Short descriptive text snippets
*** Block opens ***
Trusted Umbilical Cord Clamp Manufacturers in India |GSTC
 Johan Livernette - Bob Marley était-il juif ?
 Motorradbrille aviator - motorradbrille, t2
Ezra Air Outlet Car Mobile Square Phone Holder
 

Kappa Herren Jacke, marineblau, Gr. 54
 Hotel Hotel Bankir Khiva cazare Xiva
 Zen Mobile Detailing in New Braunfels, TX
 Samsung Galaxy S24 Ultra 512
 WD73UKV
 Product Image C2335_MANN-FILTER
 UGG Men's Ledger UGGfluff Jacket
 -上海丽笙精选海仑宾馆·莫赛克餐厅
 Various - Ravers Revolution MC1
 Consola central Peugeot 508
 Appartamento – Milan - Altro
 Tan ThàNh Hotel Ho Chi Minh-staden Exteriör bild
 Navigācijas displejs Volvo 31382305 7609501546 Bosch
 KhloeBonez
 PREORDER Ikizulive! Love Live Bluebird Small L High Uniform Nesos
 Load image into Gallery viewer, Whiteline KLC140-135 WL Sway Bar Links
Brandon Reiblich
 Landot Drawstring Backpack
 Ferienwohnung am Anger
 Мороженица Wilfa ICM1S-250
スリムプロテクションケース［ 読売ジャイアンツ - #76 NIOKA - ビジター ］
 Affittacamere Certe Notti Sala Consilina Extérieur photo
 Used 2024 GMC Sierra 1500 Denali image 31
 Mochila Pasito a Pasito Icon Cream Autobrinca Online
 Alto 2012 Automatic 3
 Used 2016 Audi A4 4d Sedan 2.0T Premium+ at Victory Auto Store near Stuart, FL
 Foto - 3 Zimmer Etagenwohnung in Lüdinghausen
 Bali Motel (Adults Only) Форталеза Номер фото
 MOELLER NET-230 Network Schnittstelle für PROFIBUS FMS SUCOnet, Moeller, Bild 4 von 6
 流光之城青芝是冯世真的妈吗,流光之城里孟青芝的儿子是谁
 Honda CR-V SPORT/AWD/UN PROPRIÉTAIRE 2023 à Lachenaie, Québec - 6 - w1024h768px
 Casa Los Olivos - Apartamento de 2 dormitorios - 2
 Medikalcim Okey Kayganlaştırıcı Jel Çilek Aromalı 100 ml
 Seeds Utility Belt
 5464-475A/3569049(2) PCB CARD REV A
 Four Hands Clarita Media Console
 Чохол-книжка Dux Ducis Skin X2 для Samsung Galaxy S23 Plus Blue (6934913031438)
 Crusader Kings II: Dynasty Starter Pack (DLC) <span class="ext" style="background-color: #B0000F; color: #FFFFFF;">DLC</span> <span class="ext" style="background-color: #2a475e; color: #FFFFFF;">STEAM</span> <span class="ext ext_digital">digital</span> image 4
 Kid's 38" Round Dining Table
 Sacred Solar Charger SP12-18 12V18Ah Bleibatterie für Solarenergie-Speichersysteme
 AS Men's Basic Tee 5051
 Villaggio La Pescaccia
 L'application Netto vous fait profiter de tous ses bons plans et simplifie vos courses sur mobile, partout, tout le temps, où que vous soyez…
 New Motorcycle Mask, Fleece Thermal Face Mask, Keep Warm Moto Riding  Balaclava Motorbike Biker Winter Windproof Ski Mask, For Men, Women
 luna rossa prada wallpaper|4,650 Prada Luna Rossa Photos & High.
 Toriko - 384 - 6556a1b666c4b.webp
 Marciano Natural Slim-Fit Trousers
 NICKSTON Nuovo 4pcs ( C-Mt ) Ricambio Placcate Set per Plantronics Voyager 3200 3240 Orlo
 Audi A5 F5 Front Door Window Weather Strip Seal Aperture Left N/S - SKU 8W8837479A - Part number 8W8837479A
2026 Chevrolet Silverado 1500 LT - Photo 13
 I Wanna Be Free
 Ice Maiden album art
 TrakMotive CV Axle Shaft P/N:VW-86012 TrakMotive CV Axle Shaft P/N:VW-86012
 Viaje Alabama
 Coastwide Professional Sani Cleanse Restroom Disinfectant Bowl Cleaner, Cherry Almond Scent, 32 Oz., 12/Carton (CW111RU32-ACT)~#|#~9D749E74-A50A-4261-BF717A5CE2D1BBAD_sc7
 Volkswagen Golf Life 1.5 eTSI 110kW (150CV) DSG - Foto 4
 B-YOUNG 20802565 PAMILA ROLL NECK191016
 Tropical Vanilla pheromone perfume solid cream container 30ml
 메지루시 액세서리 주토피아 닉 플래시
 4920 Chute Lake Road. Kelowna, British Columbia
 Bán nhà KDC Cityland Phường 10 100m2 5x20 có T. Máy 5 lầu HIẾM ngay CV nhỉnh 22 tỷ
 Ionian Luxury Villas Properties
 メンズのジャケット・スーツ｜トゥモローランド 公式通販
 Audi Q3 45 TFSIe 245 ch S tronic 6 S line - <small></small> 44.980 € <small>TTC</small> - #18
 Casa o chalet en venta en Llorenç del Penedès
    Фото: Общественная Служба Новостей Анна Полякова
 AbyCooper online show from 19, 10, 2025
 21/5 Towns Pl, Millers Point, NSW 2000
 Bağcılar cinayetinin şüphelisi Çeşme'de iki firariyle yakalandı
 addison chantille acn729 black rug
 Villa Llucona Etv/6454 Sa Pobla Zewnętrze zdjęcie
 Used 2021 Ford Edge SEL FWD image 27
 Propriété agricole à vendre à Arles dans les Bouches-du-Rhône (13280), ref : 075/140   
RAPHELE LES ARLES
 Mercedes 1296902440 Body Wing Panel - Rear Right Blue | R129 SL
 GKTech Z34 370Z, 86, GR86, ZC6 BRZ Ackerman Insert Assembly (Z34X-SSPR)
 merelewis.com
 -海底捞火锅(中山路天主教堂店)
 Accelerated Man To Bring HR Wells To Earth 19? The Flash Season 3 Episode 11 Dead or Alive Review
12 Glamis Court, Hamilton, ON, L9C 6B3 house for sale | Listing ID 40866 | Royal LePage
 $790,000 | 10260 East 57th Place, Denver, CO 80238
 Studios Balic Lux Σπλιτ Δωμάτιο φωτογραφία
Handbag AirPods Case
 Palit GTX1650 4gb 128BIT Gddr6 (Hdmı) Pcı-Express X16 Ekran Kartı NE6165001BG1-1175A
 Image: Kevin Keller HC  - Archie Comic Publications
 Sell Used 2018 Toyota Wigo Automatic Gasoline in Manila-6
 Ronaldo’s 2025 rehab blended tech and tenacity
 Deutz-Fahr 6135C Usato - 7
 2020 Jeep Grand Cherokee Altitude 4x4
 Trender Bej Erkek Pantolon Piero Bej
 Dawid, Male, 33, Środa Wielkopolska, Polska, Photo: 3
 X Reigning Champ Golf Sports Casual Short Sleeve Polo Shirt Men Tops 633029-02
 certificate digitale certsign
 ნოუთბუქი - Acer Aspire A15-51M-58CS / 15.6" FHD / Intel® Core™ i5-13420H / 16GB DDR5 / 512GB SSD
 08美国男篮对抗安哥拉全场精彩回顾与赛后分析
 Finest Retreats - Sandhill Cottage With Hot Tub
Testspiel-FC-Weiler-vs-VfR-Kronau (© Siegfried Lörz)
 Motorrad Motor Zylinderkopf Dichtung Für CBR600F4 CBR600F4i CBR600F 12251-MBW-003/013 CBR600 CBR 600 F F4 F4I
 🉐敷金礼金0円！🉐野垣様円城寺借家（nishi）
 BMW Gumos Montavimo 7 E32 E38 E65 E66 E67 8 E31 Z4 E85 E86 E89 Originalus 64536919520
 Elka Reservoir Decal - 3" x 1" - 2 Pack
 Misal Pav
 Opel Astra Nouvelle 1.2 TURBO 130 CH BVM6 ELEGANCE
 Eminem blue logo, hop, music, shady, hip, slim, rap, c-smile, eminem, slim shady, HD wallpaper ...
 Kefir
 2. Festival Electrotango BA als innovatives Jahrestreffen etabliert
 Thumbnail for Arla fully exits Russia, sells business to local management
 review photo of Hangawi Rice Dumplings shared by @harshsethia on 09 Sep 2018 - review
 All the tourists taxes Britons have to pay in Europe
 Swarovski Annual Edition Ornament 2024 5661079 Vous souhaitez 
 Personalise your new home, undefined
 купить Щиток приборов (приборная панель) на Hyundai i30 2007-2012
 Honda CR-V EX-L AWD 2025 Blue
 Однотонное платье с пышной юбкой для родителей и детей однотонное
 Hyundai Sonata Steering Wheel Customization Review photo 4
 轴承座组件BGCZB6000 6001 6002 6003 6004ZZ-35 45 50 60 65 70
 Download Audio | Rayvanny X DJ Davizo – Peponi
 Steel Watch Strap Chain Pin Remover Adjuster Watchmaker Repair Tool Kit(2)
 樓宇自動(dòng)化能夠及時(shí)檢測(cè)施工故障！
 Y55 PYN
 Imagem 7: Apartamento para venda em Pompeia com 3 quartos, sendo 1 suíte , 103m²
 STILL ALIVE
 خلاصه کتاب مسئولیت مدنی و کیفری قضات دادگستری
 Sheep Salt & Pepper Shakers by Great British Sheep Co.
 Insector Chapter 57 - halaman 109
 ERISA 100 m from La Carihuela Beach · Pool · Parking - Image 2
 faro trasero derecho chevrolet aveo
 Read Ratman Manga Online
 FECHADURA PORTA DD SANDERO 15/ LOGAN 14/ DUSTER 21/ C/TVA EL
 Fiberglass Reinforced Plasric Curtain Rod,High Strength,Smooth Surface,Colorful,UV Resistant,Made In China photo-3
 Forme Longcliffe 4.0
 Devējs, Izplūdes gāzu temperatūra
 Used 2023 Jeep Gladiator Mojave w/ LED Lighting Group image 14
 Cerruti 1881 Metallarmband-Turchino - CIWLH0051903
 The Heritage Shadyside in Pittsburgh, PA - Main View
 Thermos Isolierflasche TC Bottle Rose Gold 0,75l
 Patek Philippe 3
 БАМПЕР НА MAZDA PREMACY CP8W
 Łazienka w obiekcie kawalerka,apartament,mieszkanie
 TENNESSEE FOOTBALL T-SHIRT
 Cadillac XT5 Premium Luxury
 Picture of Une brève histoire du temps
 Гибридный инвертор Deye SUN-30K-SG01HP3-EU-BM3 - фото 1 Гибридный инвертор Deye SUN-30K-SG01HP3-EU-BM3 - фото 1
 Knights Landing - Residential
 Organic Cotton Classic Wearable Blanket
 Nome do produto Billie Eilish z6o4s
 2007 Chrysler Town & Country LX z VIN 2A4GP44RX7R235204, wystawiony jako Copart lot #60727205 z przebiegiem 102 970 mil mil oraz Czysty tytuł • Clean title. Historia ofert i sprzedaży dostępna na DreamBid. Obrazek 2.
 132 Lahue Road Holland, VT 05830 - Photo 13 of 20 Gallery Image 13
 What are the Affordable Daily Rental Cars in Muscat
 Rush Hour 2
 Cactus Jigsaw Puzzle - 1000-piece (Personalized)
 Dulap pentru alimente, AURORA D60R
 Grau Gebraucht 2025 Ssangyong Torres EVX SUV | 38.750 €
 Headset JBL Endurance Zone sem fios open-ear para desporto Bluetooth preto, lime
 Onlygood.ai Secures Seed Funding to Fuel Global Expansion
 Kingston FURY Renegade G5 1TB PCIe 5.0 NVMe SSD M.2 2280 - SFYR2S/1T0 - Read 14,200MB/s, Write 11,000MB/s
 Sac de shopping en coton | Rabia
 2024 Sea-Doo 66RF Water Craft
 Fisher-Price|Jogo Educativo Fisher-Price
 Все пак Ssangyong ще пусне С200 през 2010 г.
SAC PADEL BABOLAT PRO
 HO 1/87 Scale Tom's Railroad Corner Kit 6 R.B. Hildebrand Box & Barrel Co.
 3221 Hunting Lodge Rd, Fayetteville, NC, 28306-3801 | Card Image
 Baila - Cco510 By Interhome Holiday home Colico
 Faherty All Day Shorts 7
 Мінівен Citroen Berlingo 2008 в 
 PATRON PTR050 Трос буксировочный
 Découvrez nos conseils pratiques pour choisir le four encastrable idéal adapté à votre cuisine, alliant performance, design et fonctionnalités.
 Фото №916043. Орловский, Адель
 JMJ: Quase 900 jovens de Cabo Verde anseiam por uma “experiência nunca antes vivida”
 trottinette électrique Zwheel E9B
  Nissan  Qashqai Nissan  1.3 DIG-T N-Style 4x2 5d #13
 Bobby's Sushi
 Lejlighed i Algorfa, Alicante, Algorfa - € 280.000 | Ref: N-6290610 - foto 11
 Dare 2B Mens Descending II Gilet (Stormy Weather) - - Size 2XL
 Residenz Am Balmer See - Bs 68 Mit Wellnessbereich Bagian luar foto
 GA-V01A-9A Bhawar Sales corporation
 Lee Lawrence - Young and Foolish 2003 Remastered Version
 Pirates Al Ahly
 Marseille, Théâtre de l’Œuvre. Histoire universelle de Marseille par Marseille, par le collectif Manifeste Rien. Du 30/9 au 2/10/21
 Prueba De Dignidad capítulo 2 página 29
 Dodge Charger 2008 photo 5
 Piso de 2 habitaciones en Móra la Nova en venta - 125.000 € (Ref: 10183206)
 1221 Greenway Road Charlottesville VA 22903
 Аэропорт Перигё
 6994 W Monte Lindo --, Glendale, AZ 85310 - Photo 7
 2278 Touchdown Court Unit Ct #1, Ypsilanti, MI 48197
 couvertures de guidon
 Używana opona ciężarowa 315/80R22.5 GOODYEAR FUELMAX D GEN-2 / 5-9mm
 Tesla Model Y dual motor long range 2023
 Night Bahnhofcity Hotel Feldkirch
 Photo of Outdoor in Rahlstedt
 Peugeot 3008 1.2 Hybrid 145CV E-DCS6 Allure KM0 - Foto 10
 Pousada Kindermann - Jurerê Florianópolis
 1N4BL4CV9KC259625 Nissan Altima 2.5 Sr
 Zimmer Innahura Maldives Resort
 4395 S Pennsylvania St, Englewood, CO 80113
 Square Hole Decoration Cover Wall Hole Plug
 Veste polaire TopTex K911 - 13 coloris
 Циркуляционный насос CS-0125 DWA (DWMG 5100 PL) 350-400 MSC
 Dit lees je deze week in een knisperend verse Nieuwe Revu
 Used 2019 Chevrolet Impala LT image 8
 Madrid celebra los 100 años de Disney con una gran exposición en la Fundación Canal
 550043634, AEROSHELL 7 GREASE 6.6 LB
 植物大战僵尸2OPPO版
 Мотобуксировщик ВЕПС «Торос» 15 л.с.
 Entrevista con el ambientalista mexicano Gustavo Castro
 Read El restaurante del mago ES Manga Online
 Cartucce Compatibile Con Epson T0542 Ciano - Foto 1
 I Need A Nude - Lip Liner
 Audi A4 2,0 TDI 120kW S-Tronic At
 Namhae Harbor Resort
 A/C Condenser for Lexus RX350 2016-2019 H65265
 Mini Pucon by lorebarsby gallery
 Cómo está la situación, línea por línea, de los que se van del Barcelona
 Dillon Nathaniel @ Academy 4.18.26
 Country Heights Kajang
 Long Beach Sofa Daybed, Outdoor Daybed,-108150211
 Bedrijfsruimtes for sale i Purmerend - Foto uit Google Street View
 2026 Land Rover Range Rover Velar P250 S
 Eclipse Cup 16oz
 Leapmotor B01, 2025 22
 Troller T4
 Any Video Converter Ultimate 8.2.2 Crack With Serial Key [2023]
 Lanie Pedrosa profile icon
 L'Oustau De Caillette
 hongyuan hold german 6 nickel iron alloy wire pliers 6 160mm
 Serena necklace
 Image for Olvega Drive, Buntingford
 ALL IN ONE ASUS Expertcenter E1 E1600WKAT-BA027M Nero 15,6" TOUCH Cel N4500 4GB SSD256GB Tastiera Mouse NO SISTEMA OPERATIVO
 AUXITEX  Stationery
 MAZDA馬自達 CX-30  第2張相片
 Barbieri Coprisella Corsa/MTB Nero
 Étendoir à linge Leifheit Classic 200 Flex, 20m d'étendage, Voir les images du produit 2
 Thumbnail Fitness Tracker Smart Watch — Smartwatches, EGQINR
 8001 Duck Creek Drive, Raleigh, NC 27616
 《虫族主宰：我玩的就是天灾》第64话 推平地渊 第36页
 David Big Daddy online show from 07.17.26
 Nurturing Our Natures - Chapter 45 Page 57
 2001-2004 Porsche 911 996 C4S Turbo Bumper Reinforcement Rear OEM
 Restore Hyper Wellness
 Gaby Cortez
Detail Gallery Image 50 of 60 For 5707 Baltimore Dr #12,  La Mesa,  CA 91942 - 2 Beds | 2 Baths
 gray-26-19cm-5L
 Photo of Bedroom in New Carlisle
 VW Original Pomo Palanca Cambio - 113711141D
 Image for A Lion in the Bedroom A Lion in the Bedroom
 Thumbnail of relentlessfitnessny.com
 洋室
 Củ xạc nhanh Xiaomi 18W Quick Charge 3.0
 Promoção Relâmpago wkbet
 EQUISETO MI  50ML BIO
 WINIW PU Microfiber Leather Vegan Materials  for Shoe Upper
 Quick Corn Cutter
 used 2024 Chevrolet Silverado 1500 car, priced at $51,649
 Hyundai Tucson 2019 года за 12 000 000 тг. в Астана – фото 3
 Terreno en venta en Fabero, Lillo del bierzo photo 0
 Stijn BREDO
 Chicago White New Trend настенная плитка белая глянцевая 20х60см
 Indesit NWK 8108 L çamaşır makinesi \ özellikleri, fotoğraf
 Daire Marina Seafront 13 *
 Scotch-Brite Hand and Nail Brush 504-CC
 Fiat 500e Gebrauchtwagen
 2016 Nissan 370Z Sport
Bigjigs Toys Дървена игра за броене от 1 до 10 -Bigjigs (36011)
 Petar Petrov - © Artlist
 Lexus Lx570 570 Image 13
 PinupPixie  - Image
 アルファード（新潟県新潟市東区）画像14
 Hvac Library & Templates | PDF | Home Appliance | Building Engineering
*** Block closes ***
(TASK REQUIREMENTS)
From the data above, output only the lines between the line containing "Dodge Charger 2008 photo 5" and the line containing "Pousada Kindermann - Jurerê Florianópolis", inclusive, exactly as written.

(EXPECTED OUTPUT)
 Dodge Charger 2008 photo 5
 Piso de 2 habitaciones en Móra la Nova en venta - 125.000 € (Ref: 10183206)
 1221 Greenway Road Charlottesville VA 22903
 Аэропорт Перигё
 6994 W Monte Lindo --, Glendale, AZ 85310 - Photo 7
 2278 Touchdown Court Unit Ct #1, Ypsilanti, MI 48197
 couvertures de guidon
 Używana opona ciężarowa 315/80R22.5 GOODYEAR FUELMAX D GEN-2 / 5-9mm
 Tesla Model Y dual motor long range 2023
 Night Bahnhofcity Hotel Feldkirch
 Photo of Outdoor in Rahlstedt
 Peugeot 3008 1.2 Hybrid 145CV E-DCS6 Allure KM0 - Foto 10
 Pousada Kindermann - Jurerê Florianópolis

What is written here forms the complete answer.